LIML under weak instruments¶
- Approximately median-unbiased (the median of the LIML sampling distribution is close to the true parameter).
- No finite moments (mean and variance do not exist), so mean bias is undefined.
- Much less biased than 2SLS in simulations.
- Wider confidence intervals than 2SLS, but better coverage.
Fuller estimator¶
- Modified LIML: k = k_LIML - c/(n - K), where c is a user-chosen constant.
- Fuller(1) minimizes mean squared error and has finite moments.
- Fuller(4) provides approximately unbiased estimates.
- Practical choice when LIML confidence intervals are erratic.
Recommendation¶
When the effective F is below 20-25, report LIML alongside 2SLS. If they diverge substantially, weak instruments are a real concern. Use AR or tF for inference rather than relying on the LIML point estimate alone.
Many Instruments¶
When the number of instruments K is large relative to the sample size n, additional problems arise:
- 2SLS bias: With K instruments, the bias of 2SLS is approximately K/(n*pi^2), where pi^2 is the concentration parameter per instrument. Many instruments amplify bias even when each instrument is individually strong.
- LIML: Less affected by many instruments than 2SLS, but can become erratic.
- JIVE (Jackknife IV): Uses leave-one-out first-stage fitted values, eliminating the many-instruments bias.

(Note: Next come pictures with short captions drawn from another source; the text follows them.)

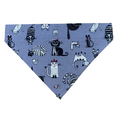 Handmade Cat/Dog Over the Collar Bandana Grey Cats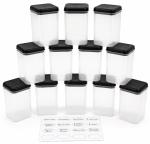 kit 12 Potes porta Temperos Condimentos Sal Parrilha 180ml Tampa Dupla Reforçada com Etiquetas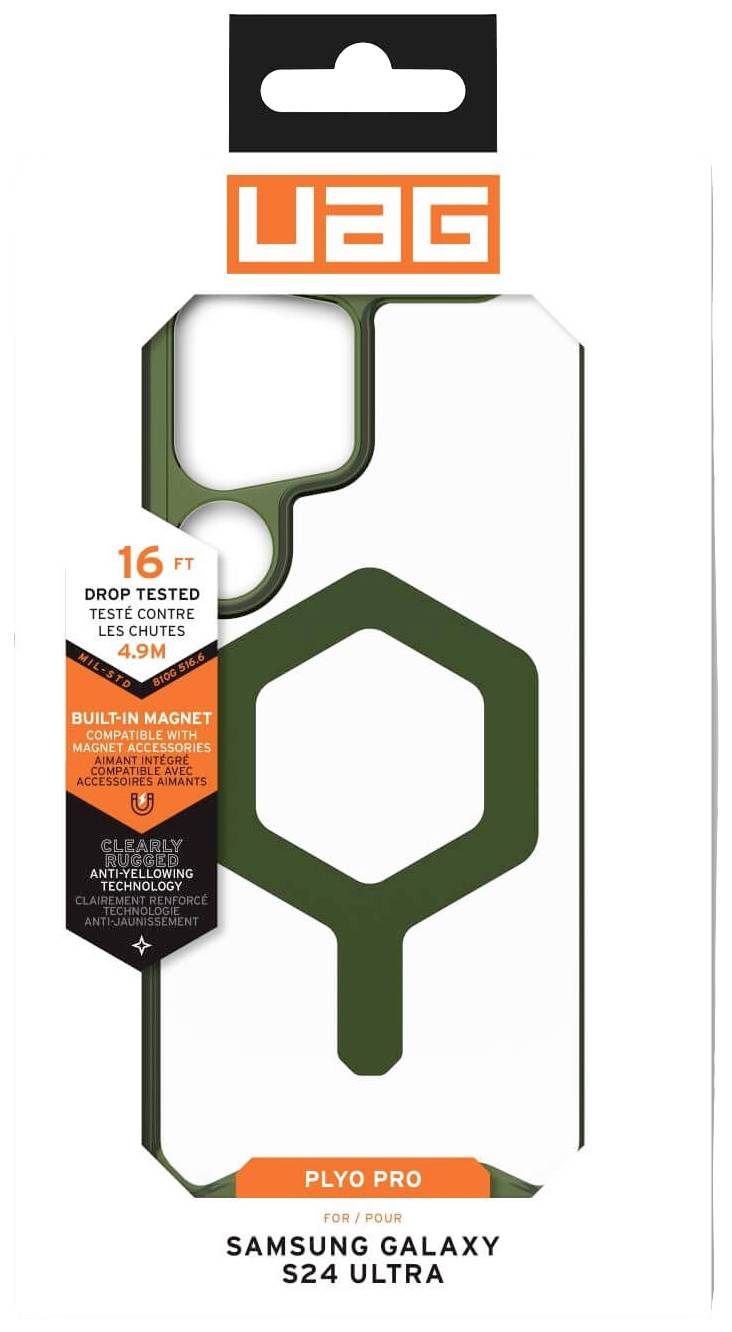 Verpackung einer Smartphone-Hülle für Samsung Galaxy S24 Ultra, markiert mit '16 FT Drop Tested', eingebautem Magneten und grünem Design.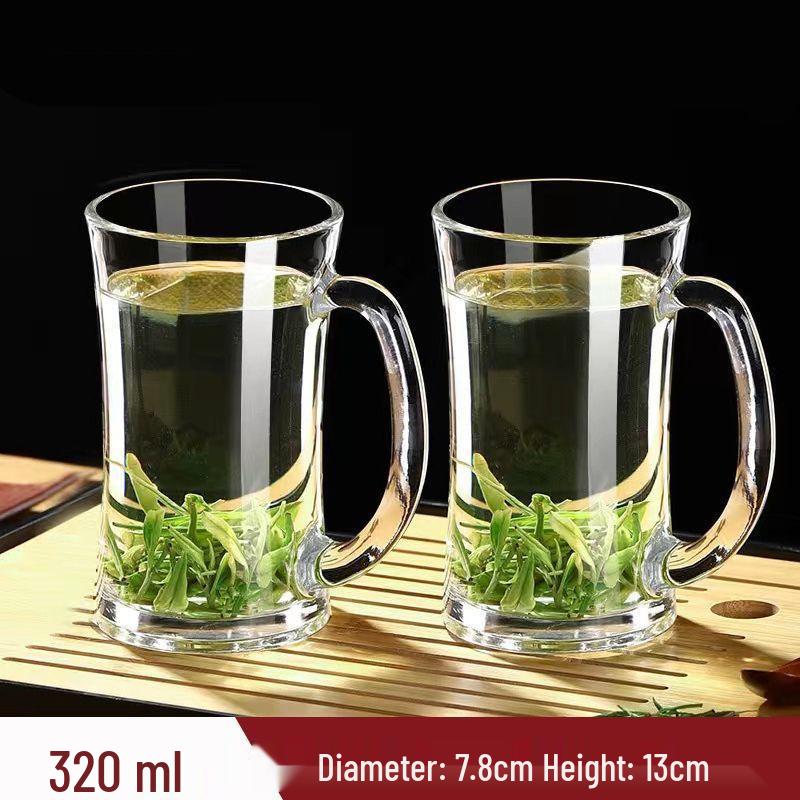 Thickened Heat-Resistant Glass Tea Cup with Handle - Transparent Drinking, Beer, and Water Cup for Home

Consistent as K/n -> alpha for some alpha < 1.
- RJIVE (Regularized JIVE): Adds ridge regularization to JIVE for better finite-sample performance.
- UJIVE (Unbiased JIVE): Chao et al. (2012) variant that is consistent even as K/n -> 1.

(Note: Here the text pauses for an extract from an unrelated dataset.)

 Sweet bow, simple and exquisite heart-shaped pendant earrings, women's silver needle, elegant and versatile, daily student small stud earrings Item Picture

Practical guidance: If you have more than a handful of instruments, compare 2SLS, LIML, and JIVE. Agreement suggests the many-instruments problem is minor. Divergence signals trouble. Consider reducing the instrument count (use fewer lags, collapse the instrument matrix, use factor analysis to extract a few strong instruments).
Diagnostic Summary¶
| Diagnostic | Purpose | Threshold / Reference |
|---|---|---|
| Conventional F | Quick screen for weak ID (homoskedastic case) | F > 10 (Staiger-Stock) |
| Effective F | Robust weak ID test | Olea-Pflueger tables |
| Stock-Yogo critical values | Formal size/bias thresholds | Depends on K, n, estimator |
| AR test | Inference robust to weak ID | Chi-sq or F critical values |
| CLR test (Moreira) | More powerful weak-ID-robust inference | Simulated critical values |
| tF procedure | Adjusted t-test critical values | Lee et al. (2022) tables |
| Kleibergen-Paap rk statistic | Robust rank test for underidentification | Critical values from KP tables |
Practical Checklist¶
- Always report the first-stage F-statistic. Use the effective F (Olea-Pflueger) with robust/clustered SEs.

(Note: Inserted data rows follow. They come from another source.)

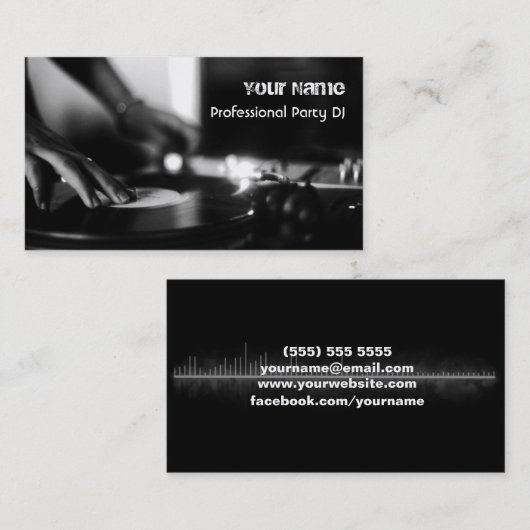 DJ Business Card Visitenkarte (Vorne/Hinten)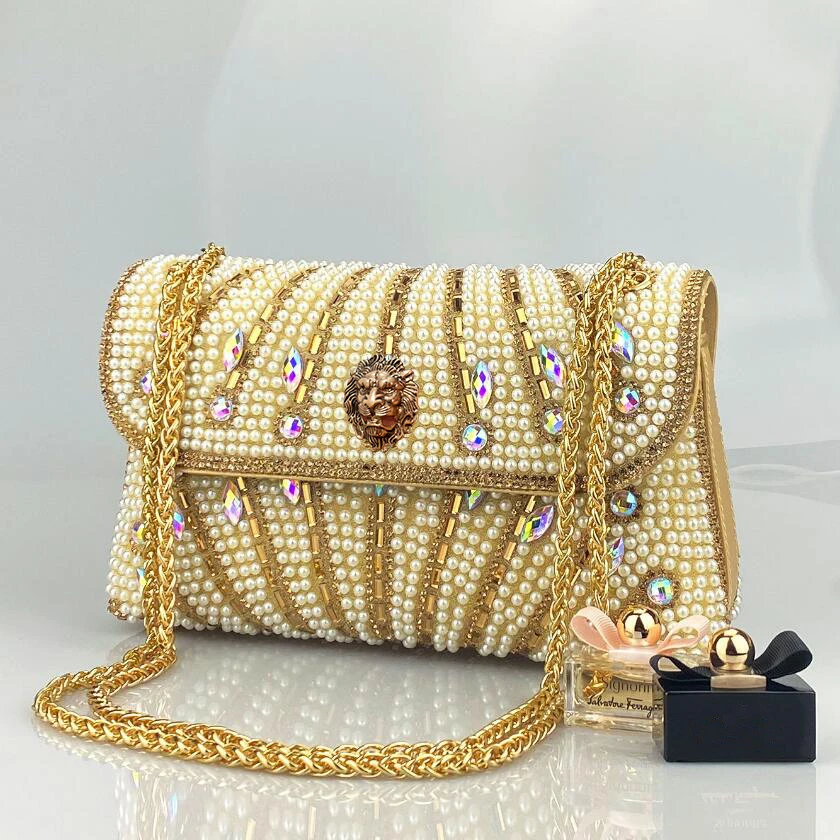 

Новая сумочка ручной работы с жемчугом для вечернего платья, элитный клатч с тигровой головой из страз, с ремешком через плечо и дизайном для ношения на бедре.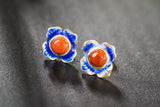 S925 Vintage Thai Leaf Flower Earrings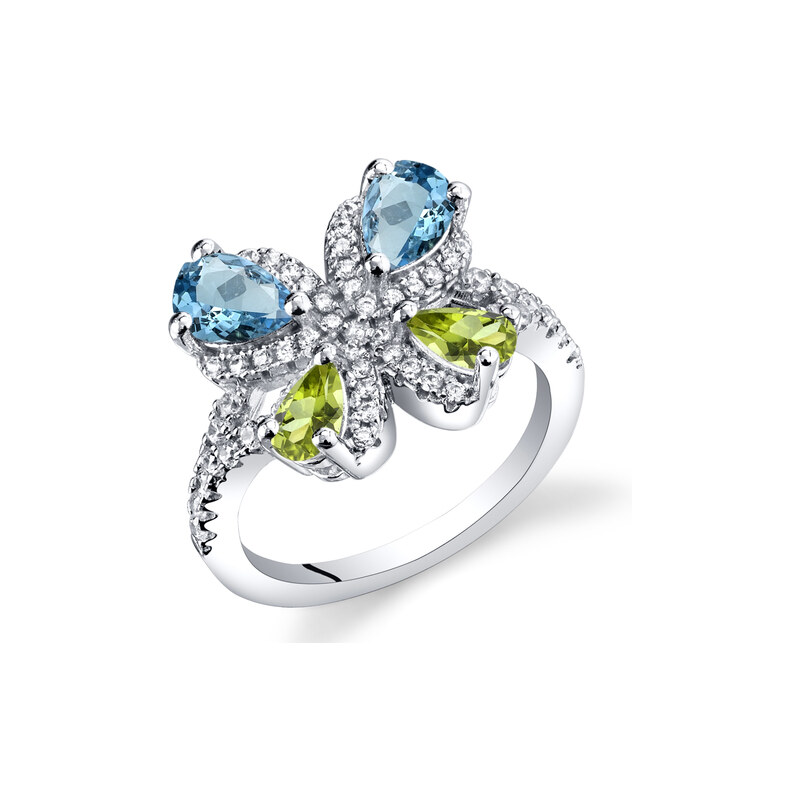 Eppi Stříbrný prsten ve tvaru motýla s topazy a olivíny Lajes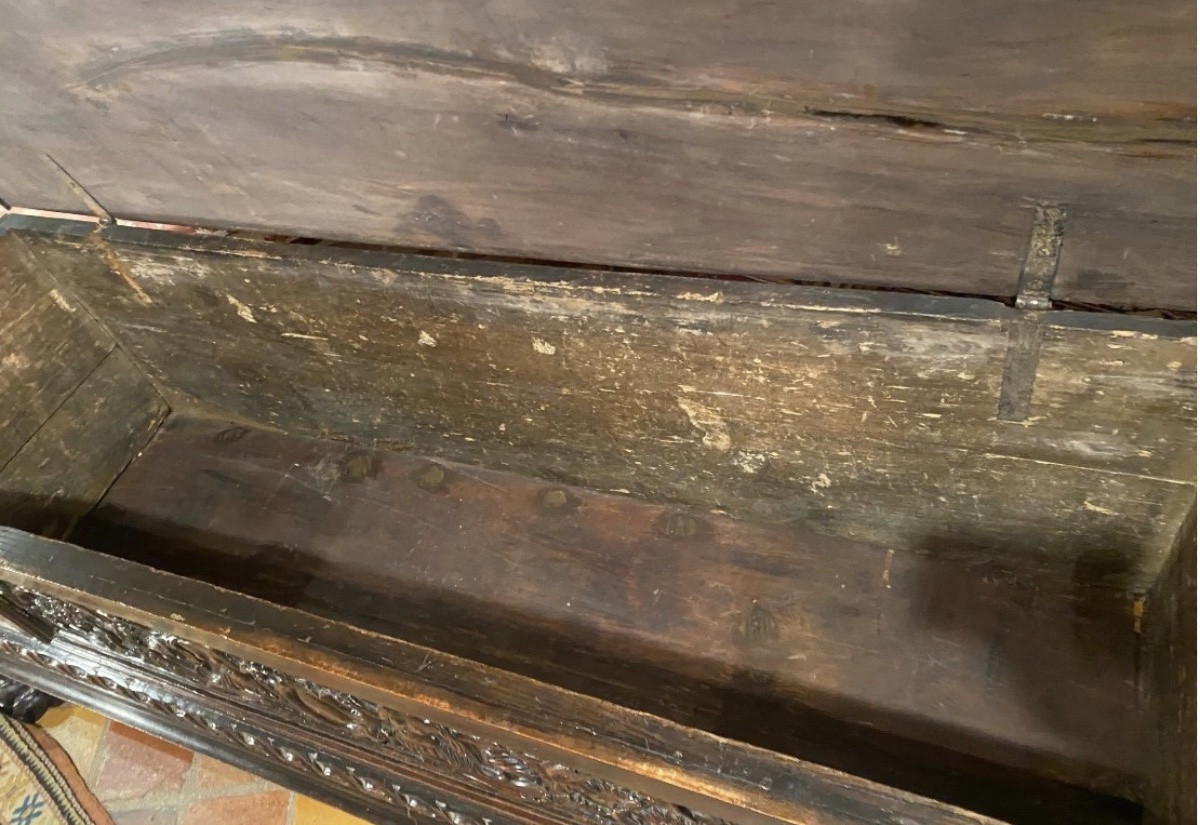 Cassone Italienne En Noyer, important coffre à Décor De Faunes De Style Renaissance-photo-7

- Compare F to Stock-Yogo critical values appropriate for your number of instruments and estimator.
- If F < 20, report LIML alongside 2SLS. If they disagree, weak instruments are a problem.
- Use the tF procedure for inference: adjust critical values based on the first-stage F.
- Report Anderson-Rubin confidence sets, especially if F < 10.
- With many instruments, report JIVE and consider instrument reduction.
- Always report the reduced form. It is valid regardless of instrument strength.
- If weak instruments are unavoidable, be honest about it. Present bounds and sensitivity analysis rather than pretending the problem does not exist.
Key References¶
- Staiger, D. and Stock, J. (1997). Instrumental variables regression with weak instruments. Econometrica.
- Stock, J. and Yogo, M. (2005). Testing for weak instruments in linear IV regression. In Andrews and Stock (eds.), Identification and Inference for Econometric Models. Cambridge.
- Olea, J.L.M. and Pflueger, C. (2013). A robust test for weak instruments. Journal of Business and Economic Statistics.
- Lee, D., McCrary, J., Moreira, M., and Porter, J. (2022). Valid t-ratio inference for IV. American Economic Review.
- Andrews, I., Stock, J., and Sun, L. (2019). Weak instruments in IV regression: Theory and practice. Annual Review of Economics.
- Moreira, M. (2003). A conditional likelihood ratio test for structural models. Econometrica.